Victory would be a major boost for Modi, after the deeply controversial and sudden withdrawal of 1,000 and 500 rupee banknotes from circulation led to a major shortage of cash and severe disruption to businesses, with the rural poor hard hit.

The first phase of voting, where 25.9 million people are eligible to vote, is particularly important for the BJP, which has its best chance of picking up the maximum number of seats from these constituencies in Uttar Pradesh, which has 404 assembly constituencies in total.

A win in the elections would also help to boost the BJP's numbers in the Upper House. The BJP has a majority of seats in the Lower House but a minority in the Upper House.

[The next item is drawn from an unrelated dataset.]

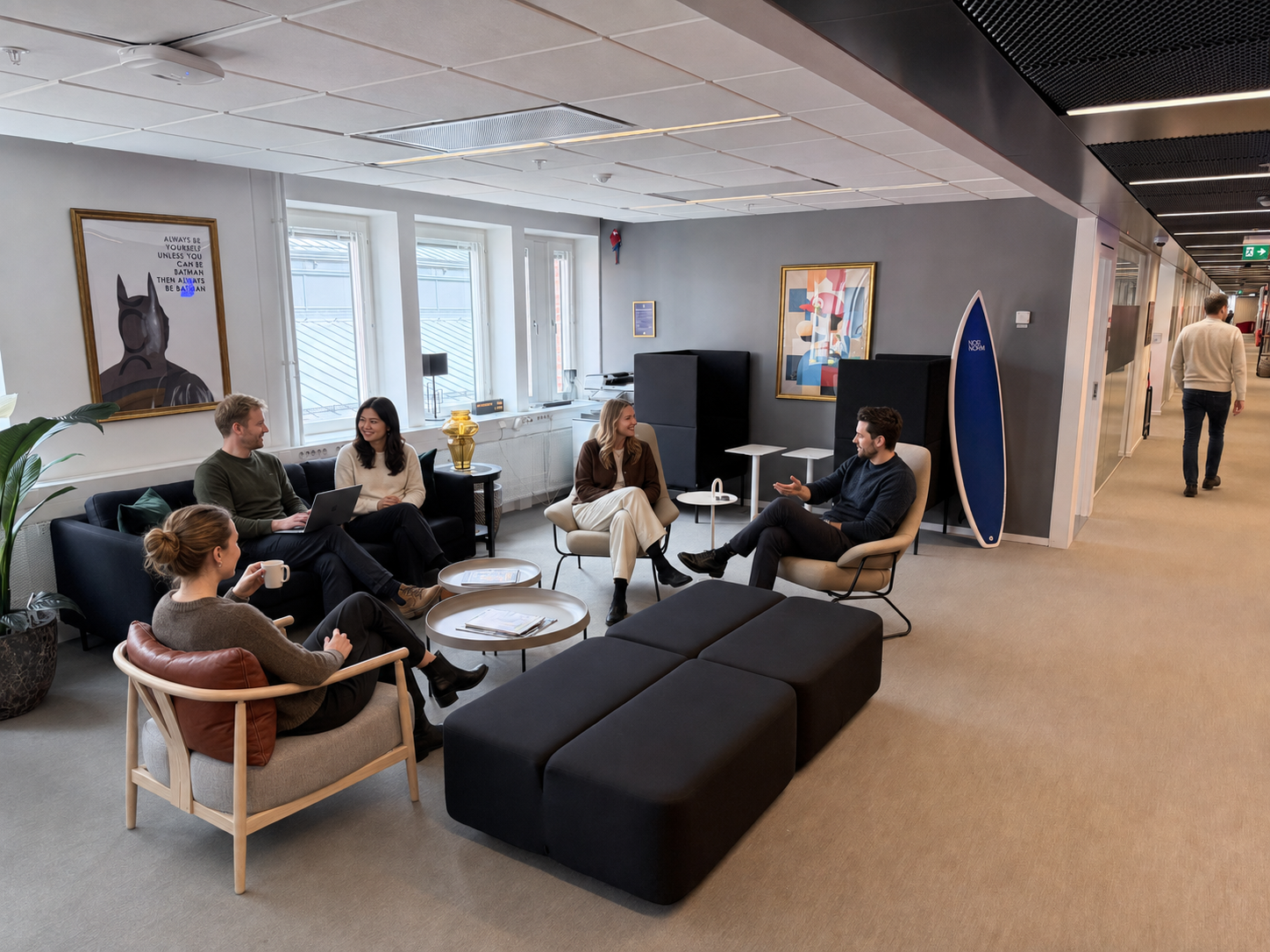 Colleagues collaborating in eAktiebok's modern office environment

"The BJP has gone into the campaign without local leaders, and is depending on the charisma of the national leadership. In that sense, one factor in the elections will be the persona of the prime minister, and the demonetisation exercise that he has staked a lot on," said Dr Sandeep Shastri, a political scientist and pro vice-chancellor of Jain University.

The BJP is facing a tough electoral battle against an alliance of the Indian National Congress and the Samajwadi Party, and also against the Bahujan Samaj Party (BSP) led by the popular Mayawati, a champion of the lower-caste Dalits.

Samajwadi Party chief Akhilesh Yadav has attracted attention by holding joint rallies with Congress vice-president Rahul Gandhi.

Some commentators said the first phase will set the tone for the rest of the elections, and the key would be whether the Muslim vote consolidates behind the Congress alliance, or gets divided across parties.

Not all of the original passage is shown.